-- THE DATA follows --
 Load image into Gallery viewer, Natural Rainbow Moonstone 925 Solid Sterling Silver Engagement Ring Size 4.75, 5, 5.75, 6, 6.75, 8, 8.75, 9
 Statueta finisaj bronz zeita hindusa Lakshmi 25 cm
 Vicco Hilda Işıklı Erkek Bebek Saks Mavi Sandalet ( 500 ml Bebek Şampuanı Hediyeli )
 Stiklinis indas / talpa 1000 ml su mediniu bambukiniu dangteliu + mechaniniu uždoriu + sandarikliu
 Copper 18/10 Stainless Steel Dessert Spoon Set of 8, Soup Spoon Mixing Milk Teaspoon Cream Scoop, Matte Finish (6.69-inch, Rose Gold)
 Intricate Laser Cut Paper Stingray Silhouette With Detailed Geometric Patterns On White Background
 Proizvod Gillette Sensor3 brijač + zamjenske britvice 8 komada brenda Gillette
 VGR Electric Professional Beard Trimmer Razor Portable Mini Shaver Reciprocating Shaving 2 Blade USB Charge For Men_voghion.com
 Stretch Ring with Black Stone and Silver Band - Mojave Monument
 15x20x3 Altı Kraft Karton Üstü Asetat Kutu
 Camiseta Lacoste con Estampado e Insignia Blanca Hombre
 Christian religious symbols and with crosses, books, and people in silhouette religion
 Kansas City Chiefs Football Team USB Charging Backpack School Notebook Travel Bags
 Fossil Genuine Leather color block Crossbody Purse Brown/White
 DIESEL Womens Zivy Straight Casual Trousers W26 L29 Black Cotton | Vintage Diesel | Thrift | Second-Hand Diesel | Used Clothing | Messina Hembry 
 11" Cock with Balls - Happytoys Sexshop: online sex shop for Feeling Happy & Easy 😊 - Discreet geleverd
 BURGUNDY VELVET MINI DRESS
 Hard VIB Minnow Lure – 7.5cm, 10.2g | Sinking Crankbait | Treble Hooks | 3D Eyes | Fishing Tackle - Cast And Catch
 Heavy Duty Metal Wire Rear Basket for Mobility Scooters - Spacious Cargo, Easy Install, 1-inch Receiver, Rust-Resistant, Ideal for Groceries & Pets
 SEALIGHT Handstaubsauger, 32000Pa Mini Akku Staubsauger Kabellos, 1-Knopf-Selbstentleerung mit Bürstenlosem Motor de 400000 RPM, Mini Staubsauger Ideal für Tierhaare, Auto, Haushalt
-- THE DATA concluded --
WHAT THIS TASK INVOLVES: Using the entries above, output exactly the lines between the line holding "Statueta finisaj bronz" and the line holding "Proizvod Gillette Sensor3", end lines included, and nothing more.

EXPECTED ANSWER:
 Statueta finisaj bronz zeita hindusa Lakshmi 25 cm
 Vicco Hilda Işıklı Erkek Bebek Saks Mavi Sandalet ( 500 ml Bebek Şampuanı Hediyeli )
 Stiklinis indas / talpa 1000 ml su mediniu bambukiniu dangteliu + mechaniniu uždoriu + sandarikliu
 Copper 18/10 Stainless Steel Dessert Spoon Set of 8, Soup Spoon Mixing Milk Teaspoon Cream Scoop, Matte Finish (6.69-inch, Rose Gold)
 Intricate Laser Cut Paper Stingray Silhouette With Detailed Geometric Patterns On White Background
 Proizvod Gillette Sensor3 brijač + zamjenske britvice 8 komada brenda Gillette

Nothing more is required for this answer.